In yet another blow to Mr. Modi, who is trying to hard sell himself as the BJP’s prime ministerial candidate during the next general election, the Commission’s annual report for 2013 stated that his was the only case when “in March 2005, it [visa ban provision] was used to exclude Chief Minister Narendra Modi of Gujarat State in India due to his complicity in the 2002 riots that resulted in the deaths of an estimated 1,100 to 2,000 Muslims.” USCIRF had urged such an action under the International Religious Freedom Act of 1998 (IRFA).

The organisation urged the departments of State and Homeland Security “to develop a lookout list of aliens who are inadmissible to the United States on this basis.” Last year, it even wrote to the then U.S. Secretary of State, Hillary Clinton, about the possibility that Mr. Modi might apply for a visa and reiterated the “concerns about his admissibility to the United States.”

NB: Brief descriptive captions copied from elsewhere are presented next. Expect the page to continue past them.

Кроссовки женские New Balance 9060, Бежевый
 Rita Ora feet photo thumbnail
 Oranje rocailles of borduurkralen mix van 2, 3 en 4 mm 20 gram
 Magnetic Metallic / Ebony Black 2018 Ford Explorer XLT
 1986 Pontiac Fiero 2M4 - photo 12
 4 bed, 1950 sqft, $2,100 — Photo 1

Taking cognisance of the recent court verdicts in several riot cases, the Commission pointed out that “in the last two years approximately 100 people have been convicted of various crimes, with punishments ranging from minor monetary fines to life imprisonment, and more than 100 individuals have been acquitted because of lack of evidence, witnesses refusing to testify or the death of witnesses.”

It noted how a large number of cases were closed due to unavailability of witnesses and that the former Gujarat Minister for Women and Child Welfare, Mayaben Kodnani, was sentenced to 28 years in jail for her involvement in the pogrom.

“However, it was widely reported in the media that many in the Muslim community believe she was the “fall guy” for Narendra Modi, the Chief Minister of Gujarat at the time of the riots (who still holds that position and was recently re-elected),” the report stated.

“Notably, in early February 2012, the Gujarat High Court strongly chastised the Gujarat government and Chief Minister Modi for inaction and negligence during the violence. The court has also ordered the government to pay compensation for the over 500 houses and businesses that were destroyed during the violence,” the Commission said.